Inhalables and non-CBD cannabinoids 

AB-45 is also significant for excluding other types of CBD products, including inhalables and other cannabinoids derived from hemp, from full legality.

AB-45 makes clear that inhalable hemp products are still prohibited, except for the “sole purpose” of out-of-state sale. The law states that the ban on domestic sales will be lifted upon passage of a tax, which would trigger other provisions, including limits on flavorings or substances that the CDPH may find a danger to public health. AB-45 also prohibits the inclusion of hemp derivatives in medical devices, prescription drugs, products containing nicotine or tobacco, and alcoholic beverages. 

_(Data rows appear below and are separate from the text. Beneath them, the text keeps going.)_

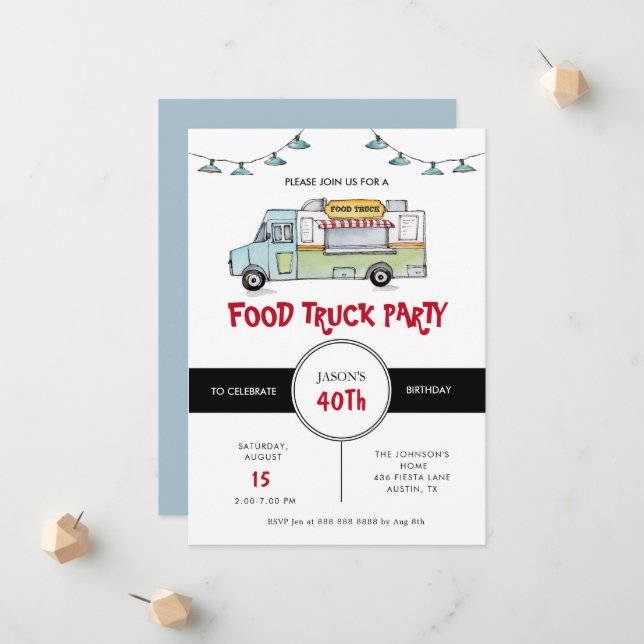 Rustic Food Truck Birthday Party Invitation (Front/Back In Situ)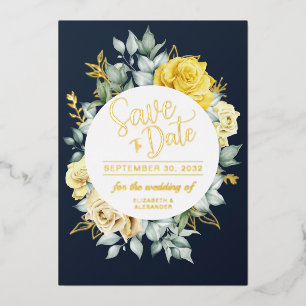Invitation En Aluminium Jaune floral classe marine bleu mariage Date de sa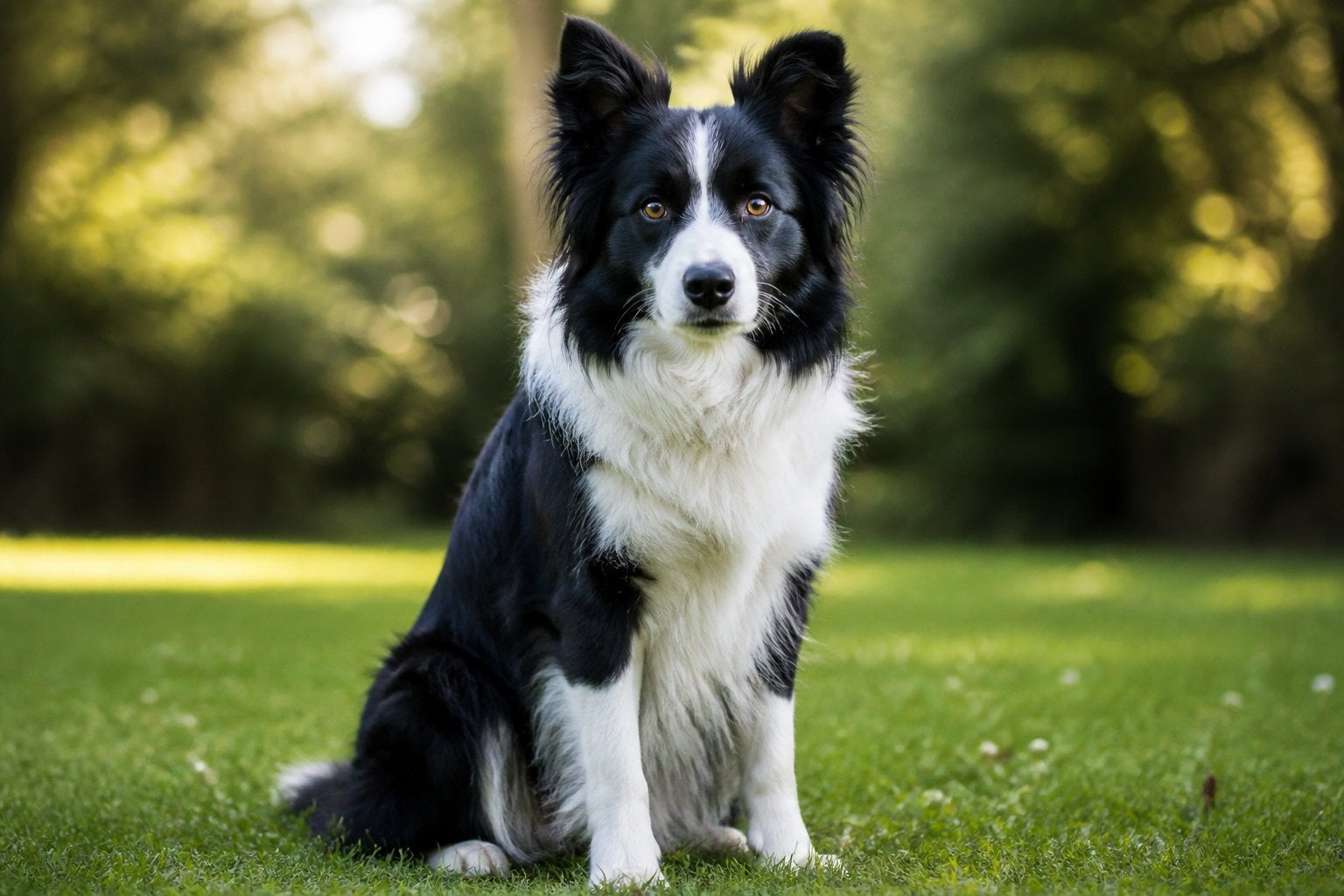 A Border Collie dog with black and white fur sitting attentively on green grass outdoors.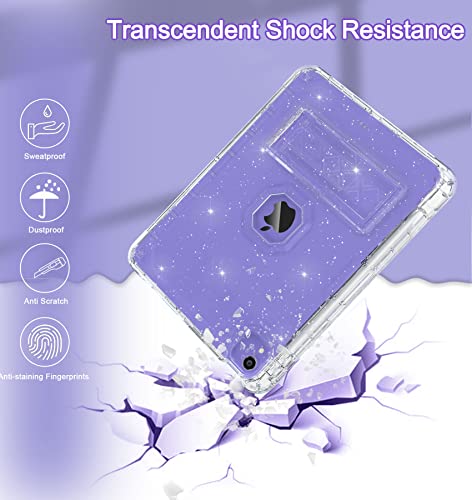 Rantice Ipad Air 5Th/4Th Generation Case With Screen Protector (2022/2020), 10.9 Inch Ipad Air Case With Pencil Holder, Slim Shockproof Ipad Air 10.9 Case With Kickstand For Kids Girls, Clear Glitter #TOP5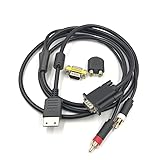 YANHAO [Video Game Parts] for SEGA Dreamcast DC VGA High Definition Cable RCA Sound Adapter HD Box PAL NTSC for Sega Dreamcast DC Console [Replace] (Color : Full DC VGA Cable)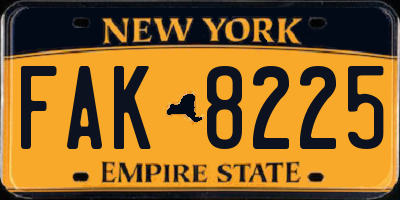 NY license plate FAK8225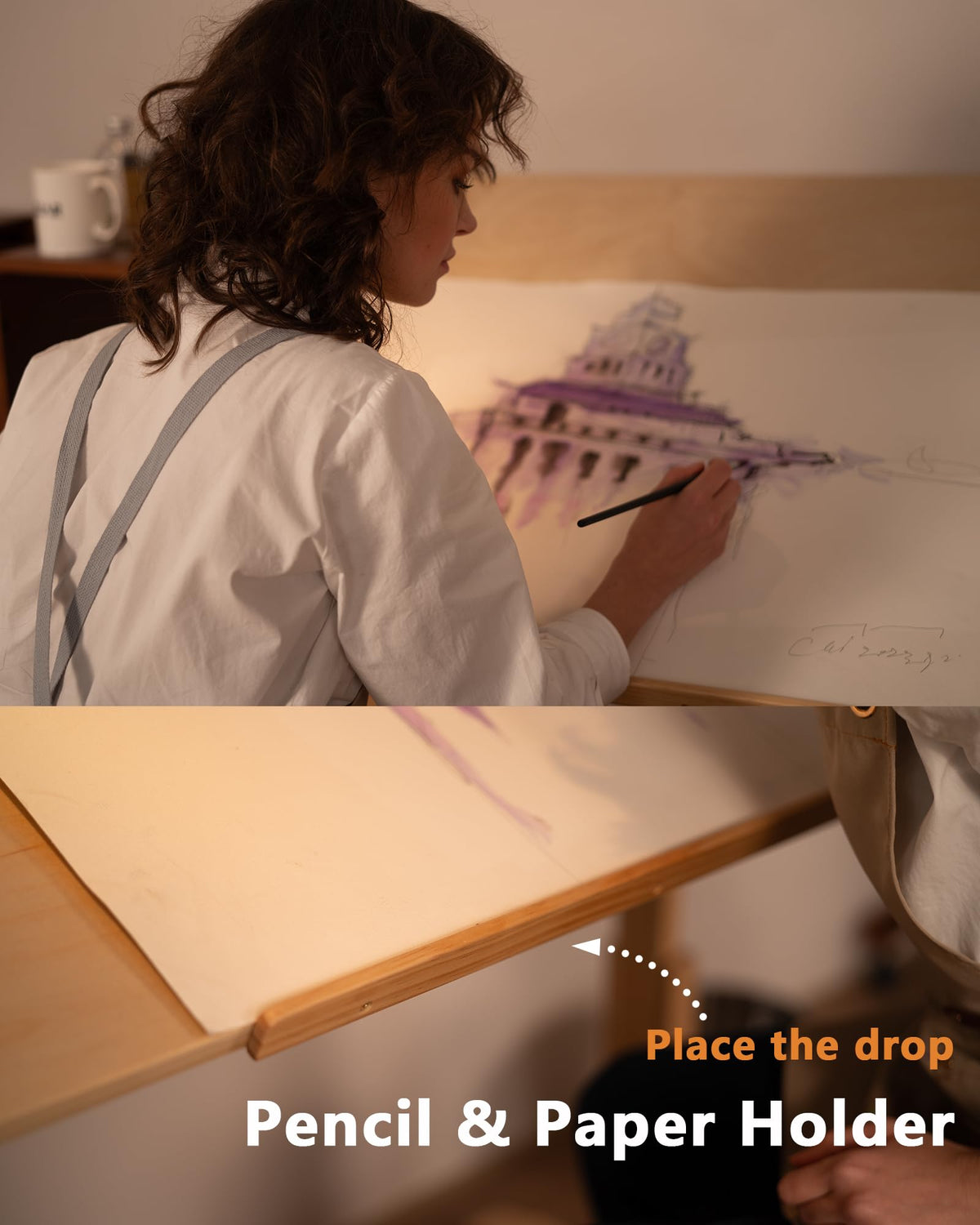 DJAR Adjustable Wooden Drawing Table, 42"x30" Artist Drafting Desk for Painting, Sketching, Writing, Natural
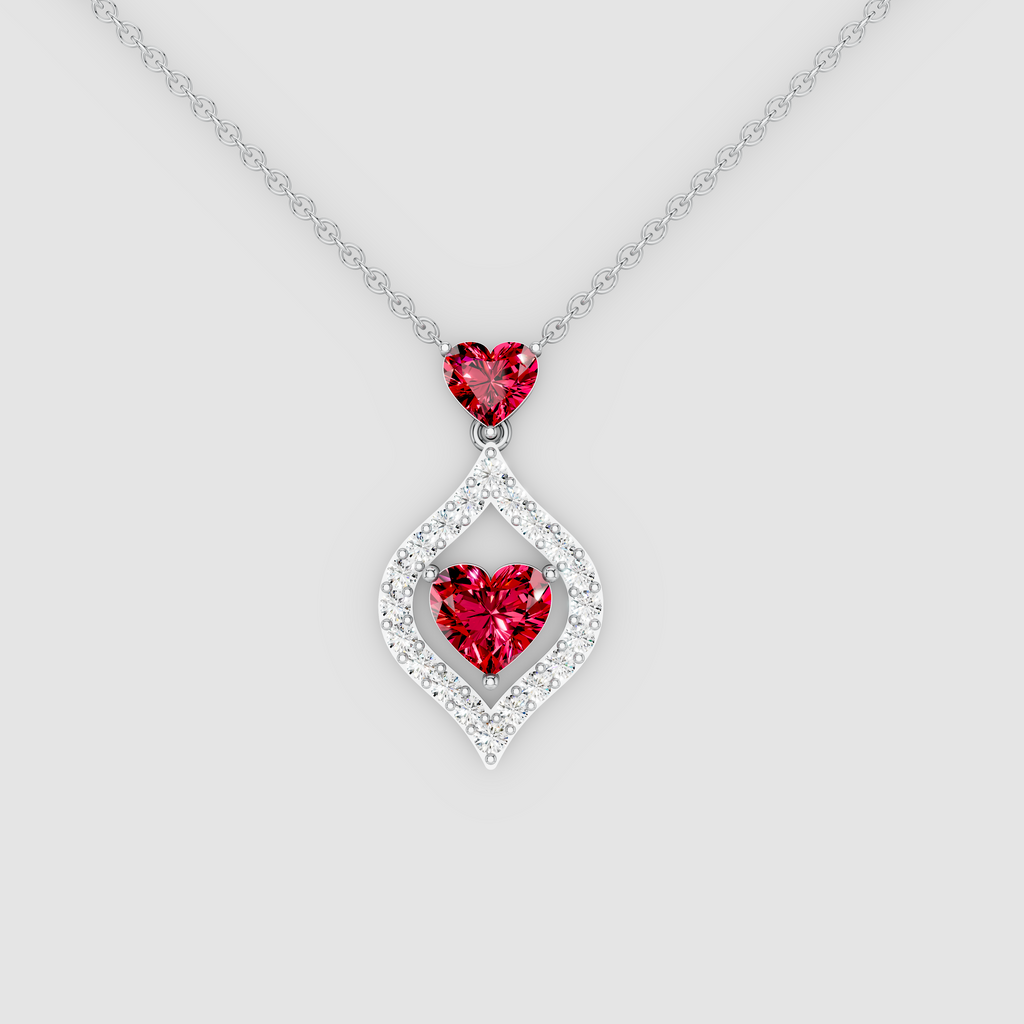 Charlotte – Heart-Cut Crimson Ruby Solitaire Pendant with Moissanite Frame in 18KT Gold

Additionally, by calculating THC percentages as “total THC” instead of the most-common Delta-9 THC, products containing other cannabinoids like Delta-8 and Delta-10 THC also face concentration limits that may keep some products illegal under AB-45. Delta-8, in particular, has faced increasing scrutiny by the FDA and the CDC. California appears to be joining the ranks for now.

IP implications

AB-45’s passage brings new options to California CBD companies looking to protect their brands from trademark infringement.

Trademarks are words, names, symbols, or devices used to identify the source of a product or service. In the U.S., a trademark may be registered on a state or federal trademark registry, so long as the mark meets all the legal requirements for registration. In California, those requirements include “lawful use in commerce.” Prior to AB-45, CBD-infused food, beverages, and cosmetics defined as illegal adulterants could not be registered in California because they could not meet the lawful use requirement. Now, because AB-45 explicitly exempts these products from the definition of an adulterant, it is a safe assumption that the California Secretary of State will soon allow CBD-infused products to be added to the trademark registry. 

While AB-45 will provide state trademark protection benefits in California, AB-45 will not have the same effect federally. Although AB-45 legalizes CBD-infused products in California, they are still considered adulterated and illegal by the FDA and the U.S. Patent and Trademark Office (USPTO). The USPTO has followed the FDA’s lead and continues to deny trademark applications for CBD-infused products on the ground that such products do not meet the “lawful use in commerce” requirement. Thus, although CBD companies in California now have additional protection for their brands, they may still be vulnerable outside California.